Recorded data: Begin
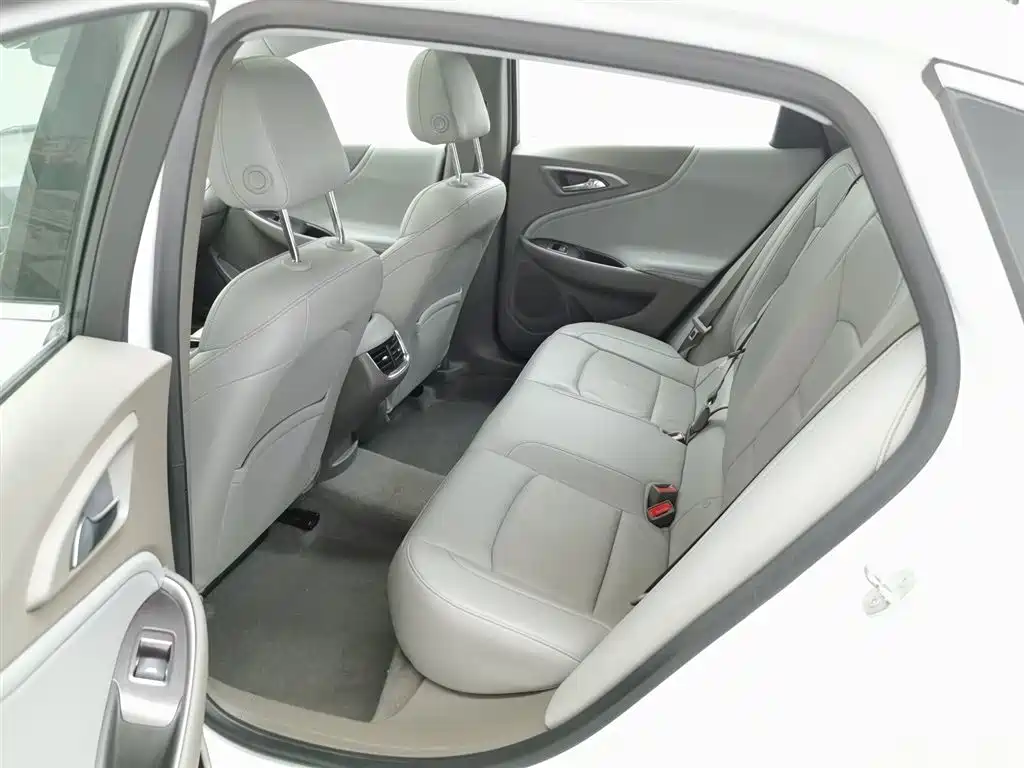 Chevrolet Malibu XL 2020 — фото 15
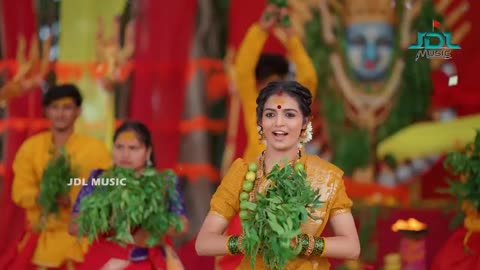 NAA PERE YELLAMMA #FULLSONG #NEWBONALASONGS2025 #SINGERPRABHA #MADEENSK #RAJENDERKONDA #NAGADURGA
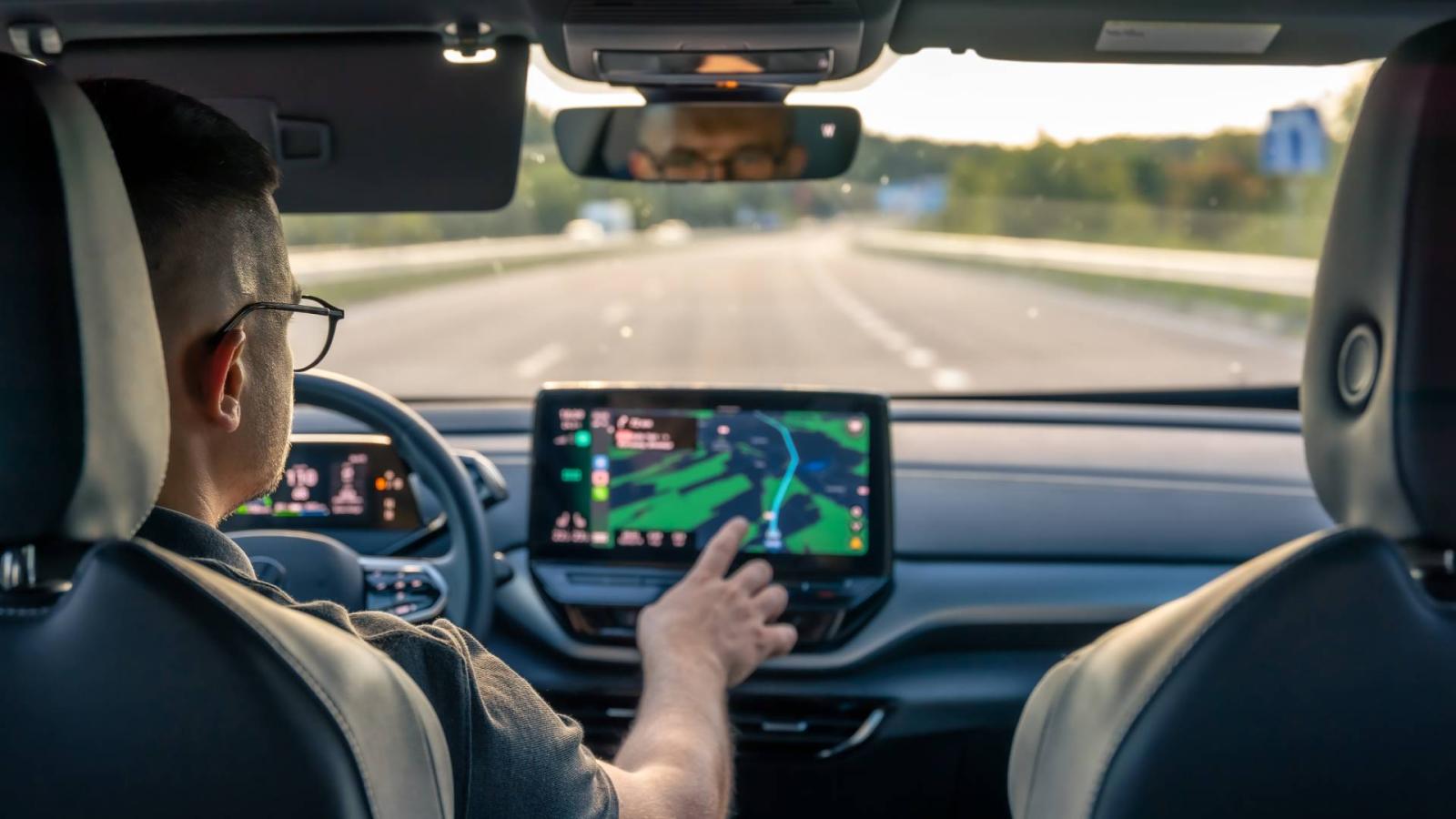Τέλος στις ειδοποιήσεις από Waze και Google map; Στο στόχαστρο της Αστυνομίας οι εφαρμογές - Τι εξετάζει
Recorded data: End
**What to produce**
Word for word, please, restate the lines of the listing from the one holding "NAA PERE YELLAMMA" down to the last line, leaving out any pictures.

**Completed task**
 NAA PERE YELLAMMA #FULLSONG #NEWBONALASONGS2025 #SINGERPRABHA #MADEENSK #RAJENDERKONDA #NAGADURGA
Τέλος στις ειδοποιήσεις από Waze και Google map; Στο στόχαστρο της Αστυνομίας οι εφαρμογές - Τι εξετάζει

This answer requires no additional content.